Sea of Goodness…….

Sea of Goodness…….

They are called marine wealth for no mean reason. Shellfish can do a world of good for you.

The delight of cracking open the crab shell to savor its white flesh in a curry, the thrill of sinking your teeth into a perfectly stir-fried pink prawn, the subtle taste of a lobster linguini or the acquired taste of freshly shucked baked oysters…have you whetted your appetite enough? Join me on a shellfish tour.

Lobsters - larger than life!

Lobsters – larger than life!

Lobsters are loaded with proteins, copper and zinc which boost immunity and prevent loss of vision. They also help in the maintenance of red blood cells and nerve cells. Since they are low in carbohydrates, they are a good option when you are on a diet.

Lobsters are rich in omega-3 fatty acids and are good for your brain as well. Low in cholesterol, they help maintain heart health and prevent conditions like osteoporosis, osteoarthritis and rheumatoid arthritis. Choose fresh, alive frisky lobsters with their tails curled up. Boil, steam or grill to make them nutritious.





Prawns are a power house of protein, which you can feast on without piling on extra calories. The omega-3 fatty acids present in it help fight Alzheimer’s disease. They contain high levels of vitamin B12, zinc, iodine, phosphorus, potassium, selenium, iron, calcium, magnesium and sodium. Prawns also help stabilize the level of blood sugar as they have low-glycemic index. On the flip side, they are a very concentrated source of cholesterol, and can lead to heart-related problems.

yummy delight - prawns in a garlic sauce

yummy delight – prawns in a garlic sauce

Clams are packed with nutrients like proteins, vitamin B12, iron, selenium, manganese, copper, zinc and potassium. They are low in fat and make for a good weight-loss option as they also help satisfy hunger pangs. Being an excellent source of manganese, they regulate blood sugar levels.

Japanese Style Clams

Japanese Style Clams

Clams are rich in riboflavin and help avoid conditions like peeling of skin around the nose and corners of the mouth. They also contain vitamin B12 that helps the functioning of the central nervous system and prevents Alzheimer’s disease. Their iron content aids in the production of hemoglobin, which results in increased oxygen supply to tissues thereby preventing anemia. When compared to other shellfish, clams are safer to consume as their contaminant levels are low.

They are loaded with omega-3, an essential fatty acid, which the body cannot manufacture on its own and has to be derived from diet. Omega-3 helps control blood clotting and is needed for brain development and function. It can reduce the risk of sudden cardiac death and myocardial infarction (heart attack) in those who have heart disease.

Oysters are one of the best sources of zinc, which helps keep kidney problems at bay. They also contain protein, calcium, magnesium, iron, potassium, vitamins A, B, C and D. Low in fat and calories, oysters are brilliant aphrodisiacs too. On the flip side, they contain high levels of sodium. To avoid bacterial infections, oysters should be eaten cooked.

Oyesters feast!

Oyesters feast!

Packed with proteins, crabs are easily digestible as their meat has no connective tissue.

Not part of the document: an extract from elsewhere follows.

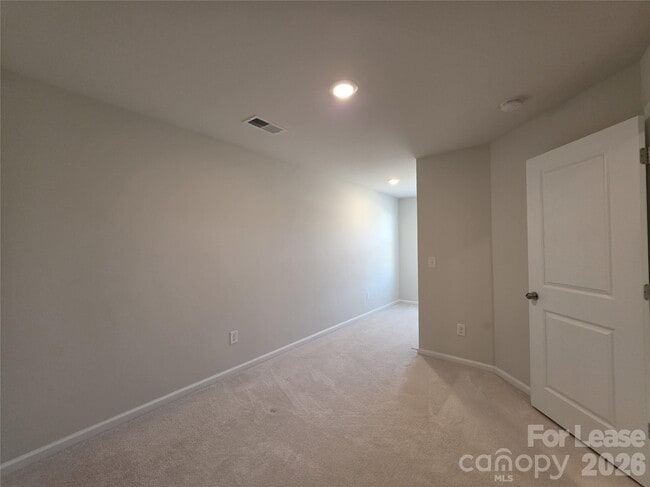 Building Photo - 12736 Wandering Brook Dr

They contain vitamin B2, which helps in the maintenance of red blood cells. While the copper present in it ensures that iron is absorbed and stored in the body, phosphorus keeps bones and teeth healthy. Low in calories and rich in omega-3 fatty acids, this shellfish also provides selenium, which has cancer-fighting properties.

Apart from being rich in proteins, mussels are low in fat and are good sources of vitamin B12 and C, iron, phosphorus and zinc. They are rich in omega-3 fatty acids that help lower cholesterol levels, improve the immune system and build muscle mass. Mussels should always be cooked when they are alive to avoid adenoviruses and parasites, which may be present in them, from spreading infection in gastro intestines.

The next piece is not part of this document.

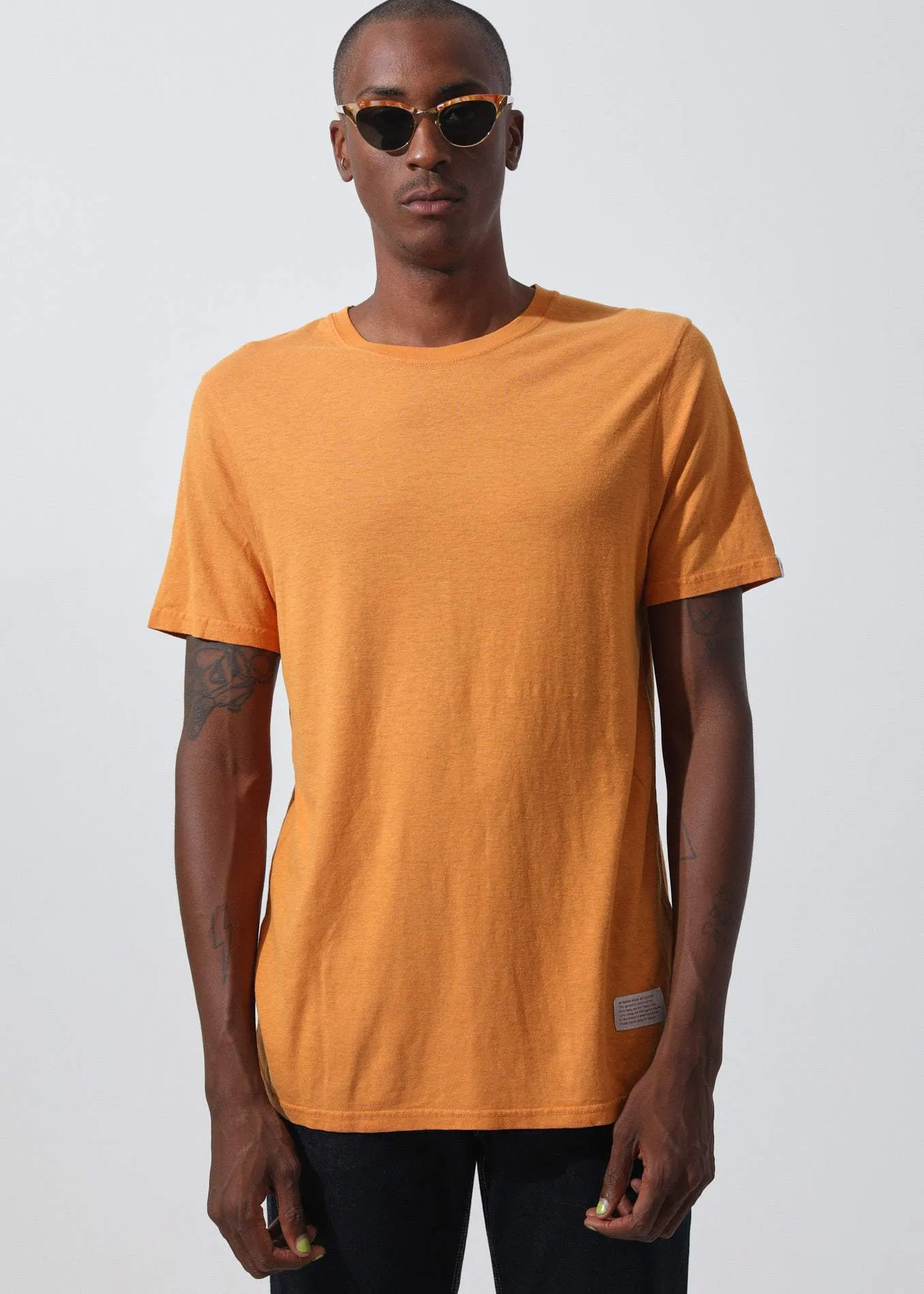 Afends Mens Classic - Hemp Standard Fit Tee - Yam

Shellfish is a broad term for marine animals that have a hard outer shell. The primary health condition that can occur from their consumption is food poisoning, so cook all varieties, properly. If you experience diarrhea, stomach cramps, fever or nausea, check for shellfish poisoning. If you notice facial swelling, giddiness and breathing trouble, you may be allergic to it.

Almost all shellfish have mercury, which in large amounts can harm the nervous system of children. Pregnant women should consult their gynecologists before eating shellfish as mercury also affects fetuses.